> **Exercise aim**
Please copy all of the data that follows exactly, leaving any pictures out.

== Given information

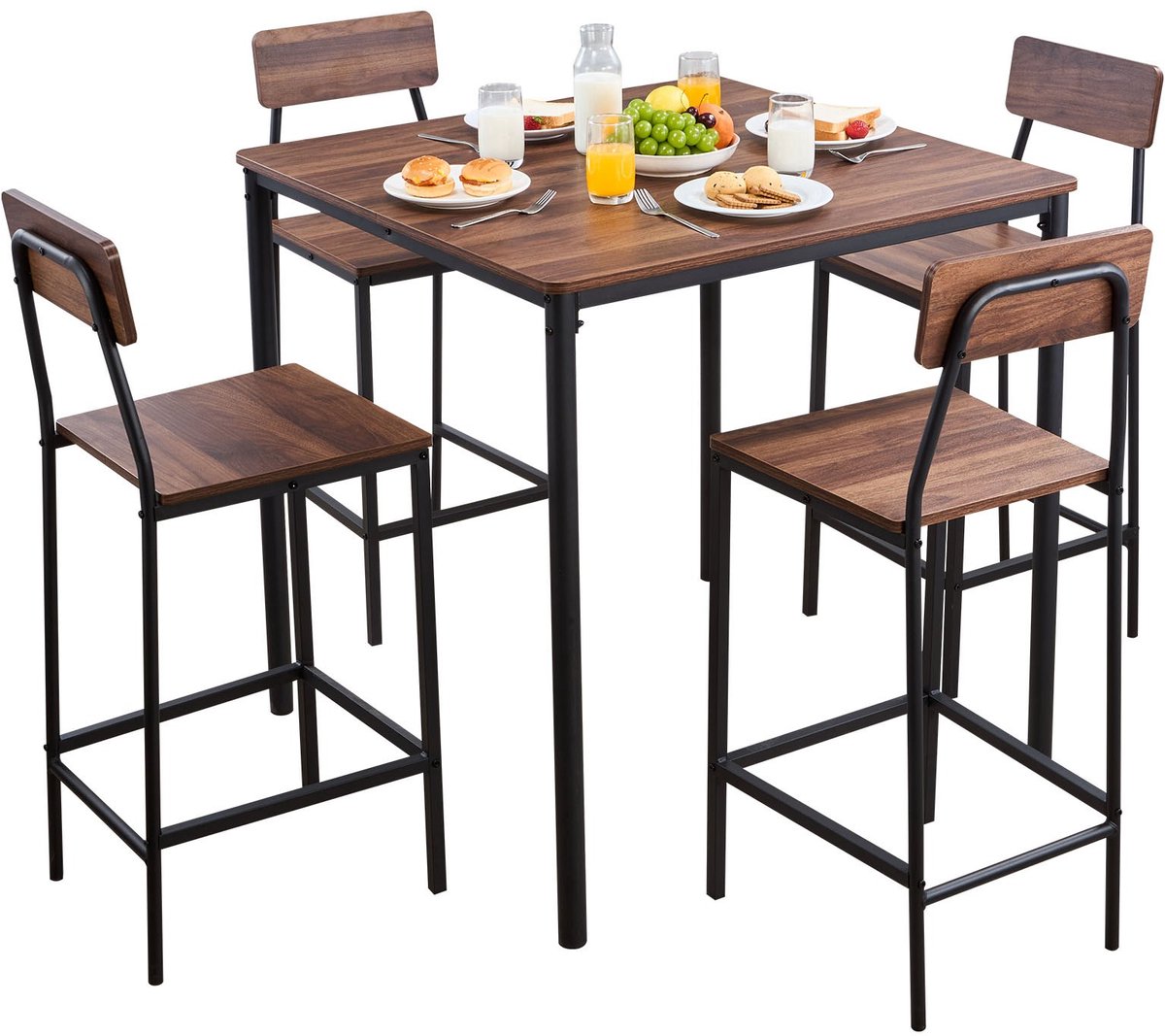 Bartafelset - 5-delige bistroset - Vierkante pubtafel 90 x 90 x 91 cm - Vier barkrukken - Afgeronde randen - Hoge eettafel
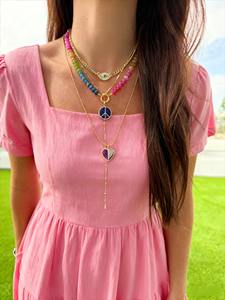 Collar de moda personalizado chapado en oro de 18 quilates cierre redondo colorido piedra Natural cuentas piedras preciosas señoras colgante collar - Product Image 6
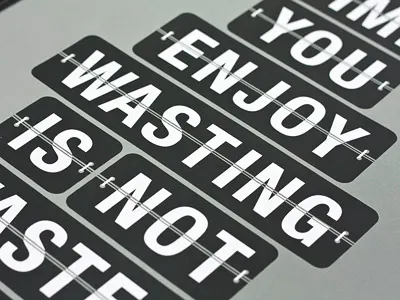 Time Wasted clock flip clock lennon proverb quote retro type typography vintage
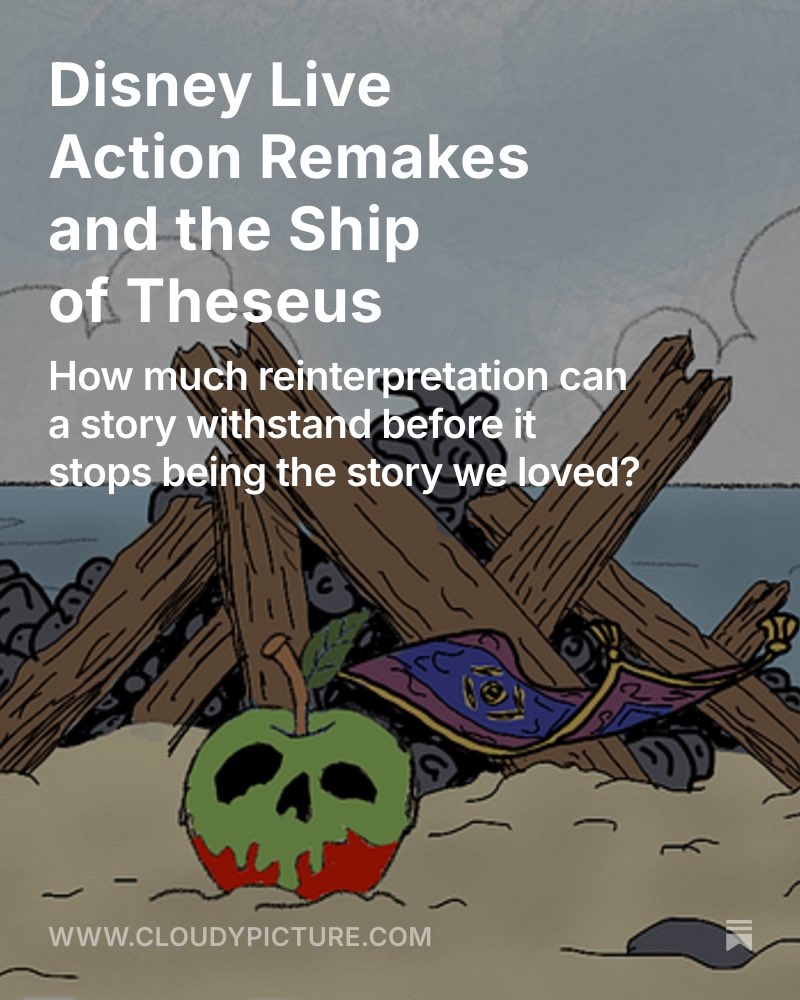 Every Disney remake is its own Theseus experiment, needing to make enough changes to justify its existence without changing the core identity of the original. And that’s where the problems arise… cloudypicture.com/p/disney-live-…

====

> **Exercise response**
 Bartafelset - 5-delige bistroset - Vierkante pubtafel 90 x 90 x 91 cm - Vier barkrukken - Afgeronde randen - Hoge eettafel
 Collar de moda personalizado chapado en oro de 18 quilates cierre redondo colorido piedra Natural cuentas piedras preciosas señoras colgante collar - Product Image 6
 Time Wasted clock flip clock lennon proverb quote retro type typography vintage
 Every Disney remake is its own Theseus experiment, needing to make enough changes to justify its existence without changing the core identity of the original. And that’s where the problems arise… cloudypicture.com/p/disney-live-…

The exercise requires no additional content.